Richard Price was born in 1723 in Glamorgan, Wales. His parents were dissenters and his father was a dissenting minister. The dissenters - the ancestors of this congregation - were ejected from the Church of England for their unwillingness to obey the 1662 Act of Uniformity, which required all clergy to follow the rites and ceremonies as mandated by the Church of England. Price was thus born an outsider and as part of a tradition that taught it was better to be true to your values than to conform for the sake of safety and comfort.

He left Wales for London, studied at a Dissenting Academy in London, and in 1758, at the age of 35, he and his new wife moved into number 54 in the row of brick terraced houses on the west side of Newington Green and became the minister here.

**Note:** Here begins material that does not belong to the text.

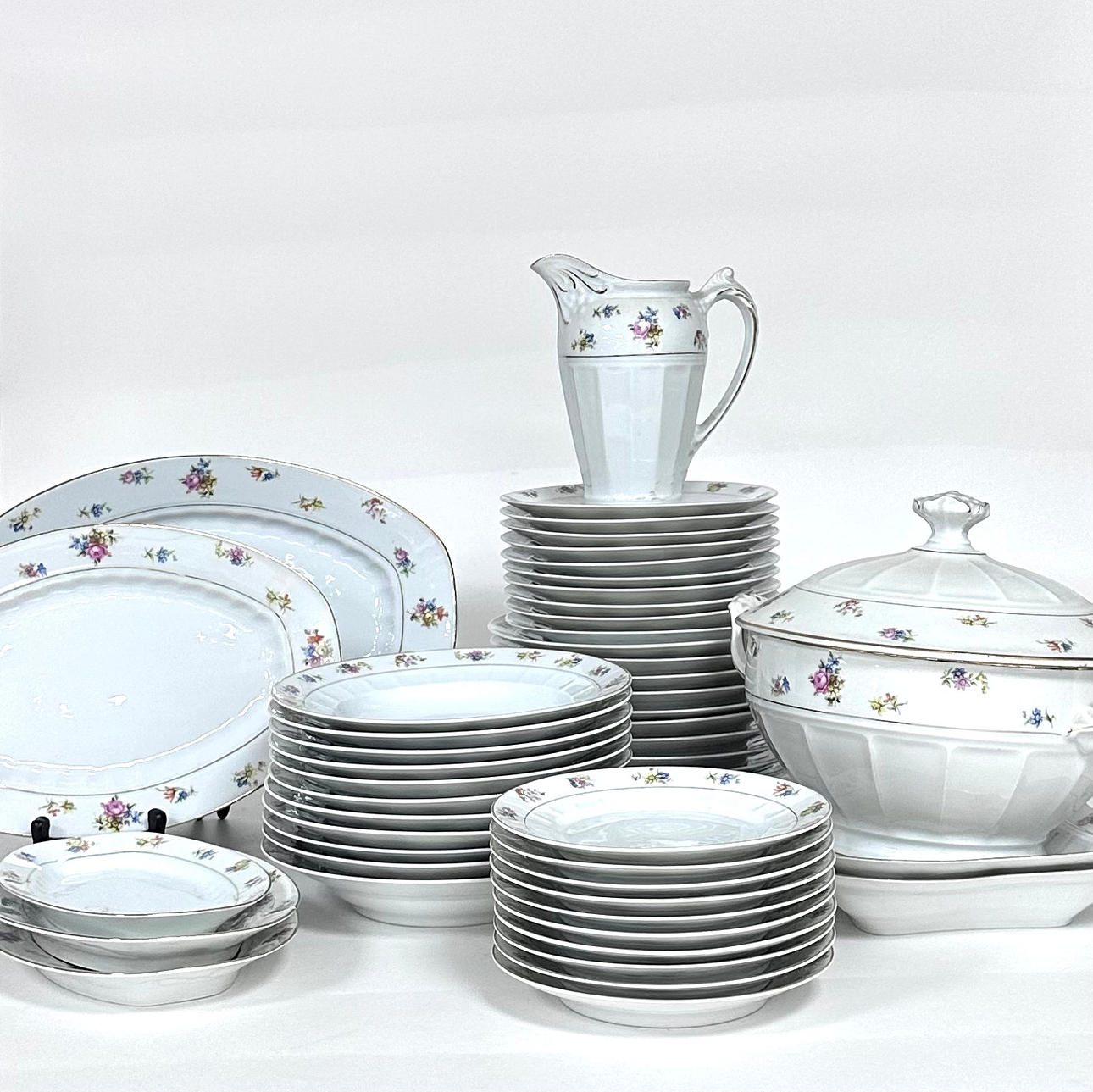 DINING SET, Altwasser "silesia" 52 pieces, Germany.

For nearly 20 years, Richard Price developed his thinking in philosophy. He was a rationalist who believed in the use of reason in finding our way to answers in life. He believed that we all have an innate sense of morality which can guide us if we allow it to. He held strongly to the importance of living a life of virtue and this was at the centre of how he lived his own life. In his words:

“VIRTUE is the foundation of honour and esteem, and the source of all beauty, order, and happiness in nature. Beauty and wit will die, learning will vanish away, and all the arts of life be soon forgot; but virtue will remain for ever.”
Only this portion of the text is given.